Researchers from the Silesian University of Technology in Poland discovered several flaws that could be exploited to take over some D-Link routers. A group of researchers from the Silesian University of Technology in Poland has discovered three vulnerabilities in some models of D-Link routers that could be chained to take full control over the devices. The […]

Chaining three critical vulnerabilities allows takeover of D-Link routers

Researchers from the Silesian University of Technology in Poland discovered several flaws that could be exploited to take over some D-Link routers.

A group of researchers from the Silesian University of Technology in Poland has discovered three vulnerabilities in some models of D-Link routers that could be chained to take full control over the devices.

The flaws are a Directory Traversal (CVE-2018-10822), Password stored in plaintext (CVE-2018-10824), and a Shell command injection (CVE-2018-10823).

“I have found multiple vulnerabilities in D-Link router httpd server. These vulnerabilities are present in multiple D-Link types of routers. All three taken together allow to take a full control over the router including code execution.” reads the security advisory.

The vulnerabilities reside in the httpd server of some D-Link routers, including DWR-116, DWR-111, DIR-140L, DIR-640L, DWR-512, DWR-712, DWR-912, and DWR-921.

Researchers found a directory traversal vulnerability, tracked as CVE-2018-10822, that could be exploited by remote attackers to read arbitrary files using an HTTP request.

The issue was initially reported to D-Link as CVE-2017-6190, but the vendor did not correctly fix the flaw.
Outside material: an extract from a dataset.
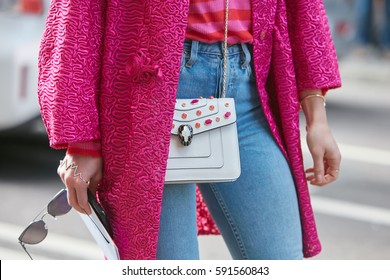 MILAN - FEBRUARY 25: Woman With White Bulgari Bag And Pink Jacket Before Ermanno Scervino Fashion Show, Milan Fashion Week Street Style On February 25, 2017 In Milan.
This flaw could be exploited to gain access to a file that stores the admin password for the device in clear text.

The storage of password in clear text is tracked as CVE-2018-10824, to avoid abuses the experts did not reveal the path of the files

Researchers also reported another flaw, tracked as CVE-2018-10823, that could be exploited by an authenticated attacker to execute arbitrary commands and take over the device.

Below a video that shows how the flaws could be chained to takeover a device:

The experts reported the flaws to D-Link in May but the vendor still hasn’t addressed them, then the experts publicly disclosed the vulnerabilities.

Waiting for a patch to address the vulnerabilities, users can make their devices not accessible from the Internet.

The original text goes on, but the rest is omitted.